A week earlier, 21-year-old Claire Legato was fatally shot in the head in Cleveland, after an argument broke between Legato, her mother and John Booth, the suspected shooter.
“This is definitely an ongoing trend we are seeing,” Beverly Tillery, executive director of the Anti-Violence Project (AVP), the country’s largest anti-LGBTQ violence organization told the Daily News.
“We’ve been seeing now [that] for years trans women of color in particular are disproportionately impacted by hate violence,” she said, according to anti-LGBTQ violence data the AVP has collected for over 20 years.
According to the Human Rights Campaign (HRC), there have been five known deaths of transgender people in 2019, all of them were black transgender women. The actual number could be a lot higher, human rights advocates and anti-violence groups claim.
Jay W. Walker, an organizer with the Gays Against Guns (GAG) told The News that sometimes trans women’s murders are not even accounted for. “Law enforcement often mis-genders trans women who are murdered in their official police reports. So unless there are family members or community members who come forward to identify these women publicly as trans, sometimes their trans existence just gets completely wiped away.”
GAG is an anti-violence organization made up by LGBTQ people and their allies who fight flawed gun control laws and its convergence with homophobia. “The need to have better restrictions against access to guns is of paramount importance,” Walker said.
But when it comes to violence against trans women “there’s also the issue of law enforcement’s frequent unwillingness to treat trans people as people deserving of protection.”
Since the group’s formation in 2016, in response to the massacre at the Pulse gay nightclub in Orlando, Fla., that killed 49, GAG stages demonstrations to put a face to the senseless violence faced by the victims. They want to show that “these women’s lives are not forgotten, and that their stories don’t get lost,” he said.
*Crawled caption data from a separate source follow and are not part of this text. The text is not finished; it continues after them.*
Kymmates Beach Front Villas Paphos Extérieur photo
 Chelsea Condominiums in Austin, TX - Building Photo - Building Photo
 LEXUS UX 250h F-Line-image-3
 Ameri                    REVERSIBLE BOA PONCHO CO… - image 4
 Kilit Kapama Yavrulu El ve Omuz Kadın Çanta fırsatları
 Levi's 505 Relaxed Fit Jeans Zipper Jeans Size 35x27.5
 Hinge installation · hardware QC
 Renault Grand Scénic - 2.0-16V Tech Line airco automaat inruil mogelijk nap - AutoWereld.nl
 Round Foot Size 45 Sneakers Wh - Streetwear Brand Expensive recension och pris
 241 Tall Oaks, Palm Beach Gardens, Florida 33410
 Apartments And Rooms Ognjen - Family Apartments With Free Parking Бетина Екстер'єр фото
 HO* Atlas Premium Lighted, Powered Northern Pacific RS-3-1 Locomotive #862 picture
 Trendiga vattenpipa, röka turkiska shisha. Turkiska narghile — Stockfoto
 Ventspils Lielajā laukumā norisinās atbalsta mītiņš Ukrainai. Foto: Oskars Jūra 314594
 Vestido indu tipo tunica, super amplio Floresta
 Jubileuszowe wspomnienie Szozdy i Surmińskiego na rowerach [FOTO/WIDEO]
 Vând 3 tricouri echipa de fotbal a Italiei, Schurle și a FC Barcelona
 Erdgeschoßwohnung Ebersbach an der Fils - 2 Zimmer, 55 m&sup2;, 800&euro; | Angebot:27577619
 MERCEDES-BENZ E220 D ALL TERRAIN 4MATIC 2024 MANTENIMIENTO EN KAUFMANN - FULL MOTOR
The violence, which affects black transgender women disproportionately, highlights the intersection of sexism, racism and LGBTQphobia. And what’s worse, they can also experience it in different parts of their lives.
“Our data shows that people are consistently experiencing hate violence not just by strangers on the street, but they’re also experiencing hate violence by people they’re dating, landlords, people they’re working with,” said AVP’s Beverly Tiller said. “So if you are trans person of color you might be experiencing hate violence in a number of different pockets of your life.”
“The climate is such that a lot of the homicides and attacks against trans women of color there is an underlying climate of transphobia and hate that is underneath a lot of what is going on.”
The New York Transgender Advocacy Group (NYTAG) is organizing a rally in Washington Square Park Friday evening to demand justice for the deaths of Muhlasysia Booker, Michelle “Tamika” Washington and Claire Legato. And calling for action from the institutions that are designed to protect people.
“No more death, violence, or fear for trans women,” NYTAG director of policy and programs Amanda Babine said in a statement. “Our lives deserve to protected, [the three recent] deaths deserve to be investigated.”